ベルンハルト・モールバッハ著の『バロックの音楽世界』(法政大学出版局)は、「当時を代表する理論家マッテゾンをはじめデカルト、キルヒャー、ライプニッツらの音楽論を参照し、多数の譜例と図版によりバロック音楽の楽理的特徴と歴史的・社会的背景を解き明かす」大著です(著者の『中世の音楽世界』と『ルネサンスの音楽世界』をふくめ三部作が完結しました)。
もともと600頁ほどの大著なうえに、CD-ROMも付属しており、楽譜や資料が多数収録されていて、PCさえあれば、ながめているだけもおもしろいですね。ただし、中世、ルネサンスには音楽もふくまれておたのですが、バロックについては音楽がなくなっています。これは「この時代の音楽は付録のCDにふさわしくないのと、そもそも、それは一般のCDで入手可能なものが多いから」だとのことです。

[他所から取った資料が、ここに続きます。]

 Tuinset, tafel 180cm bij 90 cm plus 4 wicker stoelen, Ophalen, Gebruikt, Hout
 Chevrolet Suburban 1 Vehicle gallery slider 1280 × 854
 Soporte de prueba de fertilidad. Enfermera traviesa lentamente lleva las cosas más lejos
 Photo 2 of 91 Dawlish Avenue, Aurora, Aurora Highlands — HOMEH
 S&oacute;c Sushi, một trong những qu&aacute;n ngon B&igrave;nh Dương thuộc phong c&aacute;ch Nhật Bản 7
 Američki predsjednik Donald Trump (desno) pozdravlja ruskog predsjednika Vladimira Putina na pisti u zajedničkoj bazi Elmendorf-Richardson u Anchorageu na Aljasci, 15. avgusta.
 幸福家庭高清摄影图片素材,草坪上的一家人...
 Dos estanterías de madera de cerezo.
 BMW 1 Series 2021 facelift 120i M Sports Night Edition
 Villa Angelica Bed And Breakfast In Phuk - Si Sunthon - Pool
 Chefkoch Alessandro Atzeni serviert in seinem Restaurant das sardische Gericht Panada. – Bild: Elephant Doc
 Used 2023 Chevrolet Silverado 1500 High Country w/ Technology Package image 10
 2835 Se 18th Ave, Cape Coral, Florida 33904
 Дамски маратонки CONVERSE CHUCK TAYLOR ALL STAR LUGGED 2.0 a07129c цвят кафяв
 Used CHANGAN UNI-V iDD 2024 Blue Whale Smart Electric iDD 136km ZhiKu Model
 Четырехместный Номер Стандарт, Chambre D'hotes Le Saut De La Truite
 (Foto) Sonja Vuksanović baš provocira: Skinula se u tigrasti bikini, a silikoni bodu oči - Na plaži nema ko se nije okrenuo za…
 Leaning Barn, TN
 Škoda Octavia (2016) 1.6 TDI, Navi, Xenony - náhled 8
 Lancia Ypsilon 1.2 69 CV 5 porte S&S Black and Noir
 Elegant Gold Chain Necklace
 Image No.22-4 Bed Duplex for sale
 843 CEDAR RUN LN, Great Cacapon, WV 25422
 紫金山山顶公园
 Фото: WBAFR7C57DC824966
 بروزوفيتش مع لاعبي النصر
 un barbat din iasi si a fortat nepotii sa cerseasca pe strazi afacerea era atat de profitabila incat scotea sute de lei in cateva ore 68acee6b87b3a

訳はほかの『音楽世界』と同じく井本晌二。たいへんな労作に感謝したいところですが、手持ちの初版第1刷には誤りと思われるたいへんな訳語があります。訳語というより、カナ表記なので訳ともいえないのかもしれませんが、それは44頁に3度でてくる「アルカイダ」です。おそらく(というよりまちがいなく)、これは「アルカディア」でしょう。どうしてこうなったかは推測するしかありませんが、なぜかはともかく、ちょっと考えられないまちがいです。